No caso específico da Petrobras, que na sexta-feira amargou perdas de R$ 28 bilhões só com a ameaça intervencionista – antes mesmo do anúncio da substituição de Roberto Castello Branco pelo general da reserva Joaquim Silva e Luna -, Bolsonaro, via Paulo Guedes, havia acalentado a cantilena de que a petroleira venderia “parcela substancial de sua capacidade de refino, varejo, transporte e outras atividades onde tenha poder de mercado”. E que as empresas dependentes do governo seriam privatizadas ou fechadas.
Dois anos e dois meses se passaram e pouco ou quase nada foi privatizado. As estatais continuam firmes, mamando o quanto podem e servindo de moeda de troca para satisfazer os “novos” parceiros políticos do presidente. Até a EBC, gestora da TV Brasil, que Bolsonaro acusava ser canal de propaganda do PT, foi preservada e capitalizada.
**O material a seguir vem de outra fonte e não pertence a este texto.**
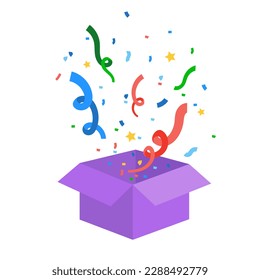 Opened box with a bright multicolored confetti explosion. Vector illustration on a white background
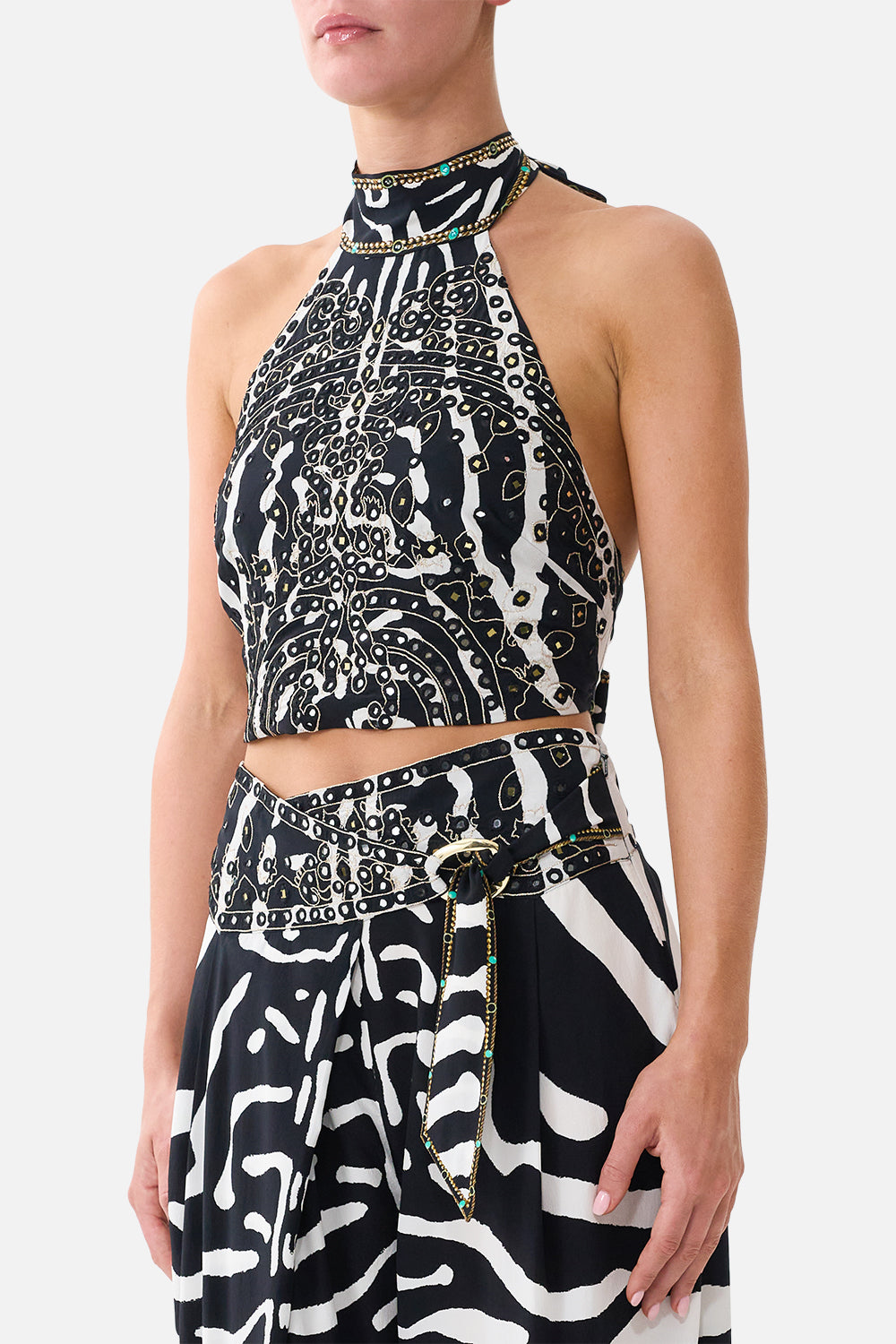 HALTER TIE BACK TOP ZIG ZAG ZOO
De TV Lula virou TV Bolsonaro.
Como de costume, Bolsonaro e os seus, incluindo Guedes, terceirizam culpas. Apontam o dedo para o Congresso cujo erro imputado só pode ser o de não aprovar projetos que o governo não enviou.
Isso vale para a venda de estatais e para as reformas estruturais. A reforma tributária proposta por Guedes se limita à fusão de dois impostos federais, o que, no frigir dos ovos, nada muda na barafunda dos tributos nacionais. Na administrativa, o governo, covarde, joga toda e qualquer mexida das castas do funcionalismo para o futuro, deixando intocados os que mais consomem dinheiro do contribuinte.
Batendo no peito, o novo presidente da Câmara Arthur Lira (PP-AL) dirá que aprovou em tempo recorde a autonomia do Banco Central. Uma meia verdade. O projeto já havia percorrido todos os trâmites do Parlamento e foi usado como alegada prova de competência depois do escancarado toma lá, dá cá – prática execrada na campanha de Bolsonaro – para garantir a eleição de Lira.
A lambança que Bolsonaro fez com a Petrobras enterrou de vez qualquer tentativa de dourar pílulas.
Mais do que uma comissão especial para regulamentar o artigo constitucional relativo ao flagrante de parlamentares, anunciada por Lira antes da votação que manteve a prisão do deputado Daniel Silveira (PSL-RJ), o país precisa rever as hipóteses de impedimento de um governante. Traição frontal ao eleitor tal como a praticada por Bolsonaro deveria ser uma delas.